As Madison Grant points out in his work Virginia was the mother of States. Fischer points out the whys and hows. His work might be considered and extension of Grant’s.
The founding of Virginia was much more different and tumultuous than our school books relate. The Indians came close to expelling the Virginia colonists while the English had a very difficult time adapting to the climate. The death rate was worse than on the slave ships.
Black slavery was slow to develop in Virginia as the Aristocracy preferred White slaves, politely known as
indentured servants. It was only when the White supply dried up that the Aristocracy turned to Africans. More than in the States of the Deep South slavery defeated the Commonwealth.
Where Whites had a difficult time surviving in the rich soils of the Tidal area Africans prospered soon significantly outnumbering the Whites.
The characteristic Virginia polity of an upper cast White Aristocracy, a small middle class, and the White and Black impoverished proletariats came into existence under Governor Berkeley in 1650 being perpetuated until the Civil War.

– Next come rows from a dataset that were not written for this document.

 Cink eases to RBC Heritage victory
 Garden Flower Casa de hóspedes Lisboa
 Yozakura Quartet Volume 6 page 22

Between the strong White caste system and slavery the White proletariat was driven to escape by emigration. Virginia gradually became depopulated over the two hundred years before the Civil War. At that time East and West Virginia were one. A look at the map, of which the book has several, will show Virginia abutting both Kentucky and Ohio. Thus the Western exodus to those two States formed the character of one and shaped the character of the other. From Kentucky and Ohio the Virginians carried through southern Indiana and Illinois while populating several counties in Missouri that were known as Little Dixie.

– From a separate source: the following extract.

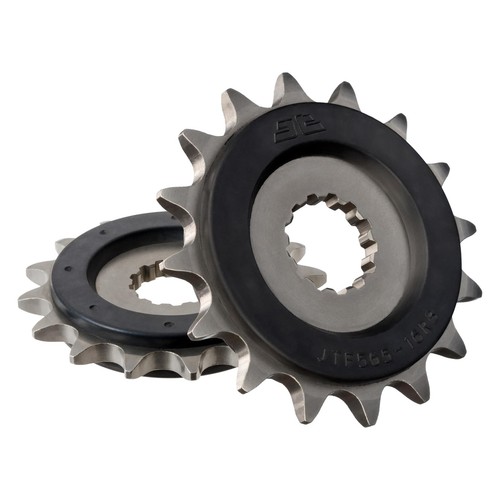 Pignon dents pour kawasaki - 16,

With the opening of Alabama and Mississippi many Virginians chose to take their slaves and migrate in that direction.
The net effect of the migrations was that Virginia lost several representatives in Congress while losing intellectual vitality. The issue of slavery caused groups like the Quakers to leave the State and it became correspondingly hazardous to one’s health to criticize slavery.
Of course after th Civil War the descendants of the Virginians continued West into California and Oregon. Thus Virginian customs and styles found their way across country.
After the War national immigration began in earnest with Southern and Eastern Europeans forming the bulk of it. Grant laments the diminishing of the Nordic cultural influence while Fischer wisely makes no comment even ignoring the issue concerning himself only with the movement of Virginians.
Even then there is an honesty in his work that makes one wonder how he survives in the anti-truth Liberal university system. I suppose it’s a matter of not what you say but how you say it. Knowing what to leave in and what to leave out.
At any rate for those interested in US settlement patterns I heartily recommend Madison Grant’s Conquest Of A Continent and both David Hackett Fischer’s Albions’ Seed and Outward Bound. If one then overlaps something like Carl Wittke’s We Who Built America that gives some idea of how post-1871 immigration patterns shaped twentieth century America one has a pretty fair idea of how the US developed up to the 1965 revision of the Immigration Act. After that revision a whole new pattern develops.